Hacker News new | ask | show | jobs
by onedognight 970 days ago
Rebuilding the minimal ISO from source is an impressive milestone on the journey to a system that builds from source reproducibly. Guix had an orthogonal but equally impressive milestone on the same journey recently[0], bootstrapping a full compiler toolchain from a single reproducible 357 byte binary without any other binary compiler blobs. These two features may one day soon be combined to reproducibly build a full distribution from source.

[0] https://guix.gnu.org/en/blog/2023/the-full-source-bootstrap-...

7 comments

That is amazing and it is great to see there are people out there fighting the good fight (while others ask: "but where's the benefit!? if there's a backdoor, everybody is still going to get the backdoor!").

> it gives us a reliable way to verify the binaries we ship are faithful to their sources

That's the thing many don't understand: it's not about proving that the result is 100% trustable. It's about proving it's 100% faithful to the source.
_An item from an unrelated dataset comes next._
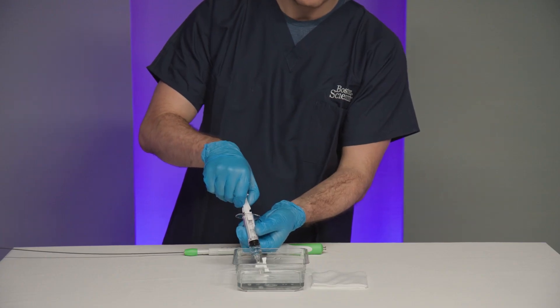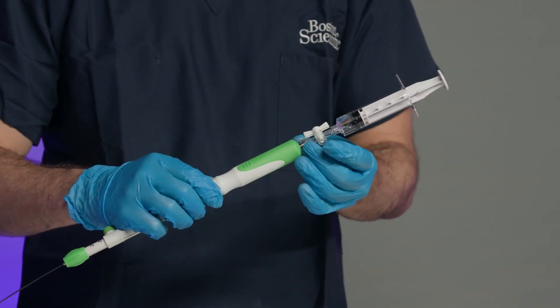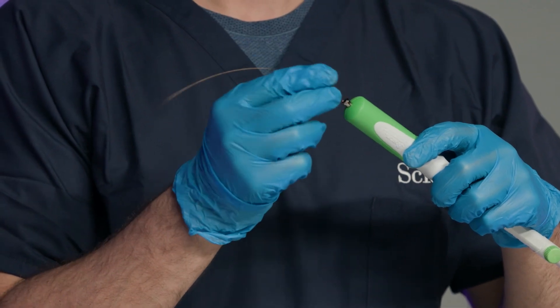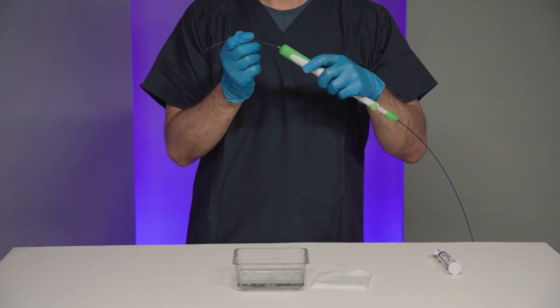If additional passes are required, prepare the device by flushing the needle and wiping the stylet with sterile water or saline. Reinsert the stylet into the needle, examine for damage, and repeat the previous steps.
Which means that should monkey business be detected (like a sneaky backdoor), it can be recreated deterministically 100% of the time.

In other words for the bad guys: nowhere to run, nowhere to hide.

To me, the largest benefit isn't even related to "bad guys", but rather in being able to understand and debug issues.

Reproducibility makes bugs more shallow. If hydra builds a bit-for-bit identical iso to what you build locally, that means a developer can make a change to the iso inputs, test it, and know that testing will also apply to the final ci-built one.

If a user reports a bug in the iso, and you want to test if a change fixes it locally, you can start from an identical source-code commit as the iso was built from, make some minimal changes, and debug from there, all without worrying that you're accidentally introducing unintended differences.

It minimizes "but it works on my machine" type issues.

Super clarifying, thank you.
It's not yet as far as the Guix stage0, but there was an interesting talk about bootstrapping nix from TinyCC at NixCon: https://media.ccc.de/v/nixcon-2023-34402-bootstrapping-nix-a...
357 bytes for bootstrap compiler binary is VERY impressive!
If I remember correctly, this tiny binary is used to (reproducibly) bootstrap the next binary, which bootstraps the next binary, until eventually GCC can be compiled (and compile other software).
To be fair, it is 357 bytes ... plus a POSIX operating system.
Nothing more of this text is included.